Buku ini menawarkan analisis interdisipliner mengenai bagaimana algoritma membentuk ulang struktur epistemik, otoritas keagamaan, dan praktik keberagamaan dalam masyarakat digital. Dengan memadukan teori-teori dari Foucault, Habermas, Castells, Latour, serta kajian kontemporer tentang platform dan disinformasi, buku ini memformulasikan kerangka teoretis baru untuk memahami interaksi antara agama dan teknologi kecerdasan buatan.
Pembahasan dalam buku ini menunjukkan transformasi mendasar: perpindahan locus legitimasi keagamaan dari institusi tradisional ke struktur teknis platform digital; munculnya otoritas berbasis viralitas; pergeseran dari epistemologi wahyu ke epistemologi data; serta meningkatnya determinasi algoritmik terhadap pilihan moral dan praktik keagamaan.
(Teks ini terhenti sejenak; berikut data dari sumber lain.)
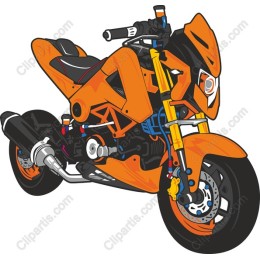 Vibrant Orange Motorcycle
Analisis ini diperkuat oleh studi kasus empiris yang menampilkan dinamika fatwa TikTok, ceramah viral, hoaks keagamaan, dan moderasi digital.
Buku ini berkontribusi pada pengembangan teologi digital, etika teknologi, dan kajian sosiologi agama kontemporer, dengan menegaskan urgensi rekonstruksi epistemologi keagamaan dan integrasi literasi algoritmik sebagai bagian dari literasi keberagamaan. Ditujukan bagi akademisi, peneliti, pemuka agama, dan pembuat kebijakan, buku ini menjadi rujukan penting untuk memahami bagaimana algoritma tidak hanya menandai krisis kebenaran, tetapi juga membuka peluang baru bagi pembaharuan otoritas dan spiritualitas di era digital.